A Contest of Principles by Greg Cox

67/2024 – ⭐️⭐️⭐️⭐️

This one was a particularly interesting and on-the-nose bit of “exploring today’s issues through SF”. Published in 2020 (and so, assumedly, written in 2019), the Enterprise is called into to observe the voting process for a planet having its first democratic elections. The contest is between a hardline conservative near-fascist military general whose followers use intimidation and assault, and a liberal reformist challenger who (minor spoiler) eventually steps down after a controversy and turns their candidacy over to a younger candidate. There’s a separate, more standard Trek adventure where Spock has to try to rescue McCoy and Chapel from other planets in the system, but reading the primary political plot just over a week before our election (between a hardline conservative fascist and a more liberal challenger who took over from the prior candidate) was an interesting experience. I can only hope we handle our election as successfully as this fictional planet does.

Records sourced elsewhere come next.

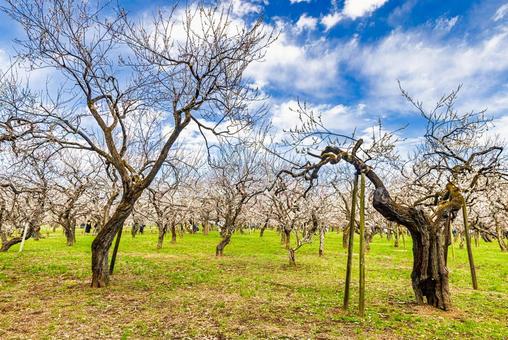 偕楽園公園　満開の梅園 偕楽園,花,梅の写真素材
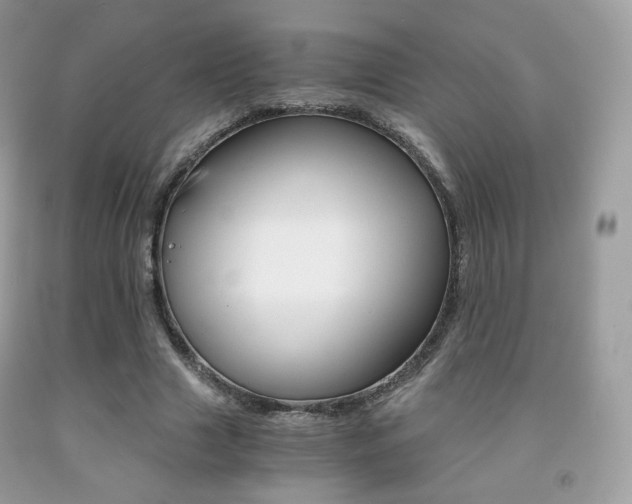 X0000091940633200709051303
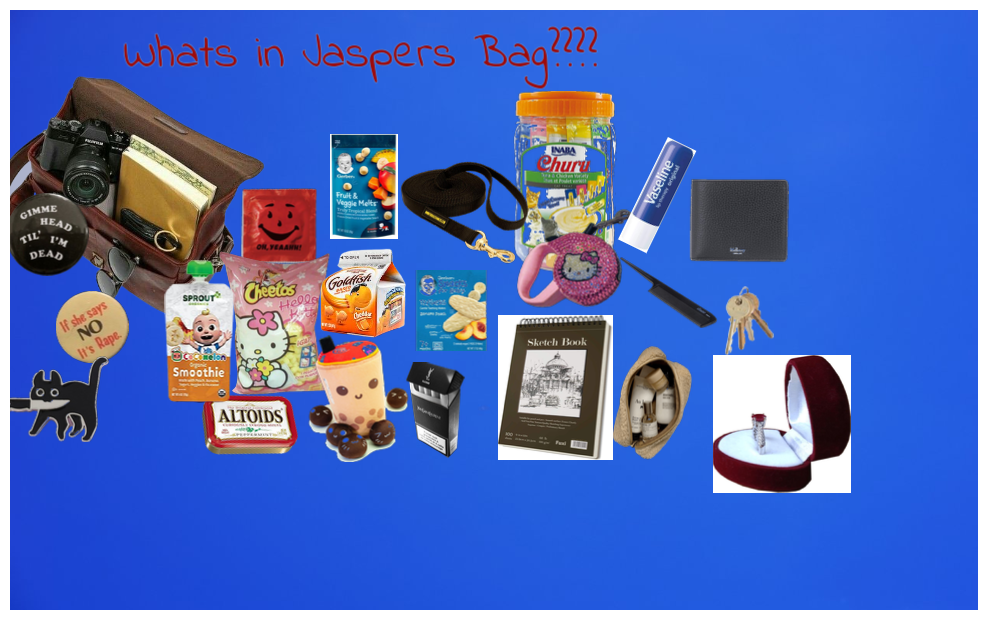 Whats In jaspers bag
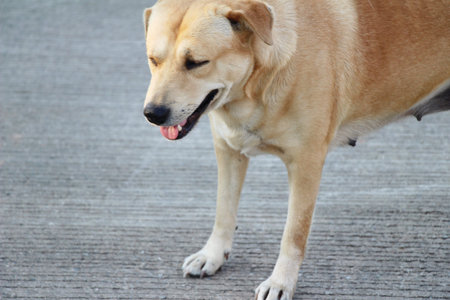 Brown dog cute is staring on floor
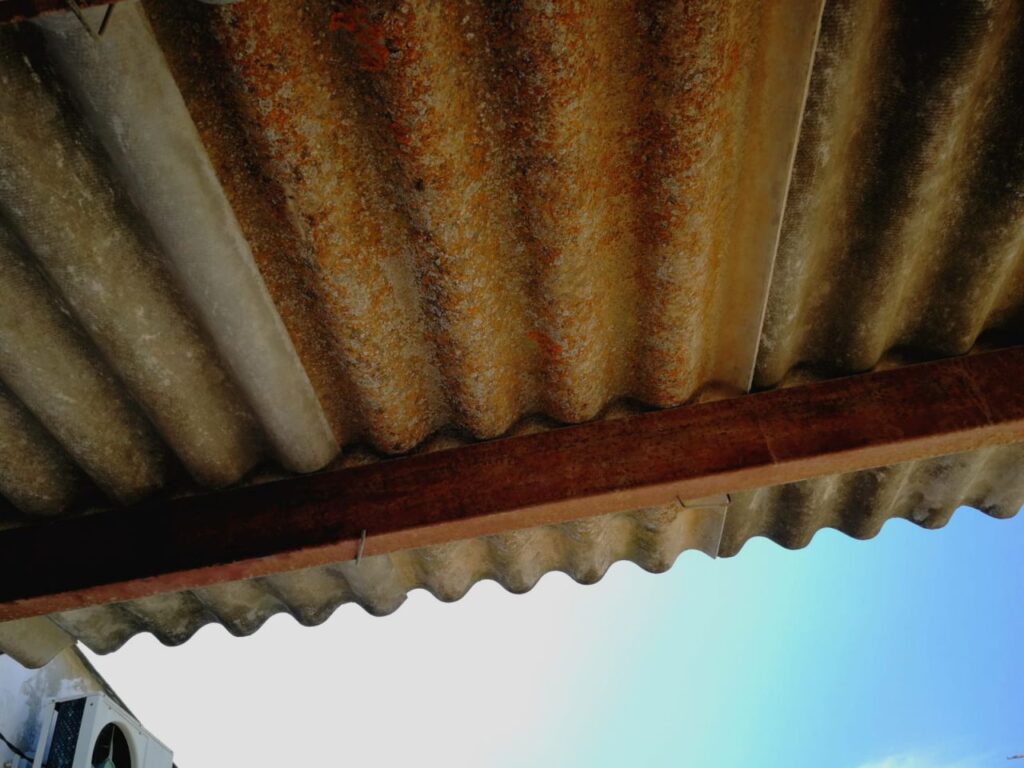 Imagen de galer&iacute;a 484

Me holding A Contest of Principles

No Man’s Land by Kirsten Beyer and Mike Johnson

64/2024 – ⭐️⭐️⭐️

Somehow I missed the bit in the blurb telling me this was a script for an audio play, so that was a bit of a surprise, though not a bad one. Short and quick, this follows Seven and Raffi just after season one of Picard as they deal with saving artifacts and a senile historian from a Romulan…though it’s really more about the first steps of their relationship. Fun to read, and I’m somewhat tempted to find the audio production to see how some of the more visual elements of the script translate.

Me holding No Man’s Land

The Higher Frontier by Christopher L. Bennett

57/2024 – ⭐️⭐️⭐️⭐️

Set between TMP and TWoK, this adventure primarily ties together three threads: The Medusans as introduced in TOS, the Aenar as introduced in ENT, and the New Humans as introduced in Roddenberry’s novelization of TMP. Those three threads are woven together with elements, references, and in-jokes from throughout the Star Trek screen and literary universes, as Bennett so often does in his books. It’s also interesting when reading these more recently written books that are able to find ways to drop in references to the newer shows. All in all, another good adventure with some really neat approaches to tying together previously unrelated parts of Trek history in unexpected ways.